Preventing viral diarrhea

Wash your hands frequently to prevent the spread of viral diarrhea. To ensure you or your child is washing your hands thoroughly, always:

  • Wash frequently. Wash your hands before and after preparing food. In addition, wash your hands after handling uncooked meat, using the toilet, changing diapers, sneezing, coughing and blowing your nose.
  • Lather with soap for at least 20 seconds. After putting soap on your hands, rub your hands together for at least 20 seconds. This is about as long as it takes to sing "Happy Birthday" twice through.
  • Use hand sanitizer when washing isn't possible. Use an alcohol-based hand sanitizer when you can't get to a sink. Apply the hand sanitizer as you would hand lotion, making sure to completely cover the fronts and backs of both hands. Use a product that contains at least 60 percent alcohol.

Preventing diarrhea from contaminated food

To guard against diarrhea caused by contaminated food:

  • Serve food right away or refrigerate it after it has been cooked or reheated. Leaving food out at room temperature can encourage growth of bacteria.
  • Wash work surfaces frequently to avoid spreading germs from one food item to another. Wash your hands and your work surfaces several times during food preparation.
  • Use the refrigerator to thaw frozen items. Or try putting plastic-wrapped frozen items in a bowl of cold water to thaw. Don't leave frozen items on the counter to thaw.

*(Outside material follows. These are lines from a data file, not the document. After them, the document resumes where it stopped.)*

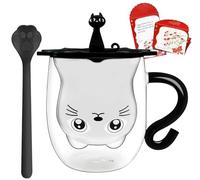 Afitdon Tasse Double Paroi Mignonne, double paroi, 280 ml, avec carte de bénédiction, cuillère et couvercle, double paroi pour cappuccino, latte macchiato, thé, glace et lait-Noir
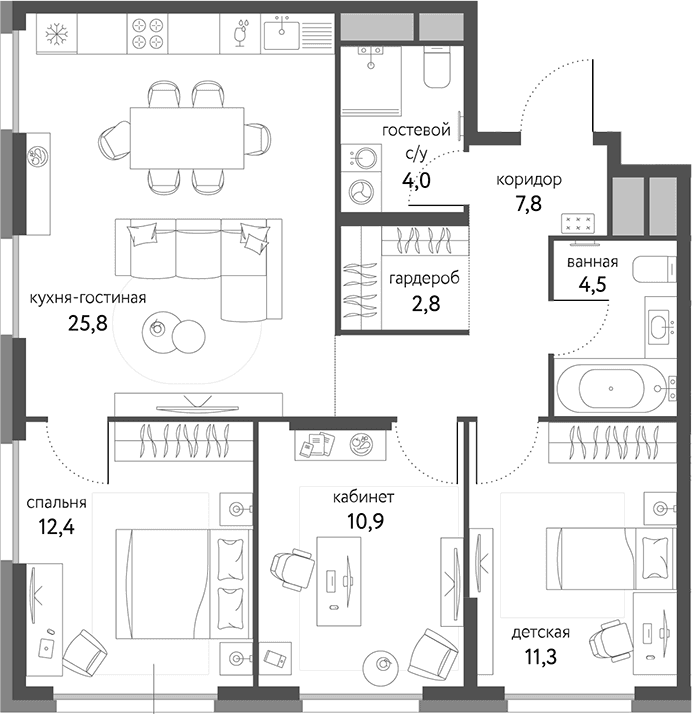 Планировка: Квартира евро-4 79,5 м² в ЖК «Сиреневый парк»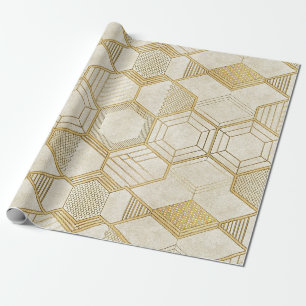 Luxe Gouden Zeshoek Patroon - Marmer Textuur 2 Cadeaupapier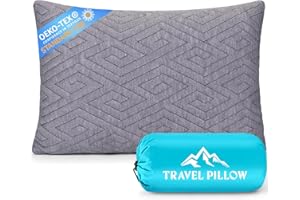 1 MIDDLE ONE Travel Pillow for Sleeping Camping, Memory Foam Small Pillow with Breathable Cover for Backpacking, Airplane, Car (15.5 X 12 Inch)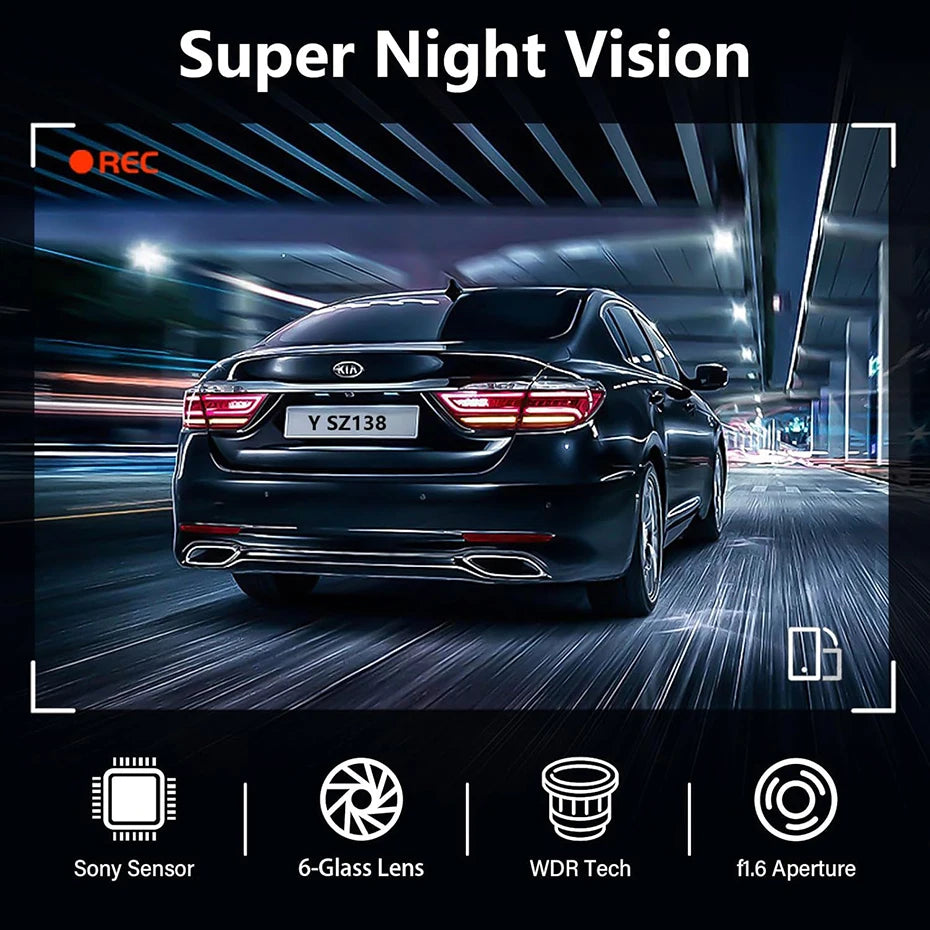 Caméra embarquée 4K UHD pour voiture, double objectif avant et arrière, GPS, Wi-Fi, mode parking 24h, vision nocturne, enregistreur vidéo DVR.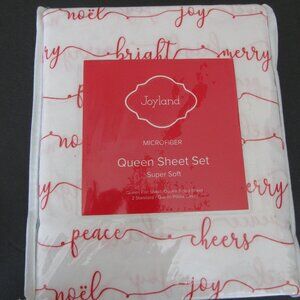 JOYLAND, New Chiristmas Sheet set, QUEEN,  flat, fitted & 2 cases,  RED SCRIPT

Preventing traveler's diarrhea

Diarrhea commonly affects people who travel to countries where inadequate sanitation and contaminated food and water are encountered. To reduce your risk:

  • Watch what you eat. Eat hot, well-cooked foods. Avoid raw fruits and vegetables unless you can peel them yourself. Also avoid raw or undercooked meats and dairy foods.
  • Watch what you drink. Drink bottled water, soda, beer or wine served in its original container. Avoid tap water and ice cubes. Use bottled water even for brushing your teeth. Keep your mouth closed while you shower. Beverages from boiled water, such as coffee and tea, are probably safe. Remember that alcohol and caffeine can aggravate diarrhea and dehydration.
  • Ask your doctor about using antibiotics. If you're traveling to a developing country for an extended period of time, ask your doctor about starting antibiotics before you leave on your trip. In certain cases, this may reduce the risk that you'll develop traveler's diarrhea.
  • Check for travel warnings. The Centers for Disease Control and Prevention maintains a travelers' health website where disease warnings are posted for foreign countries. If you're planning to travel outside of the United States, check there for warnings and tips for reducing your risk.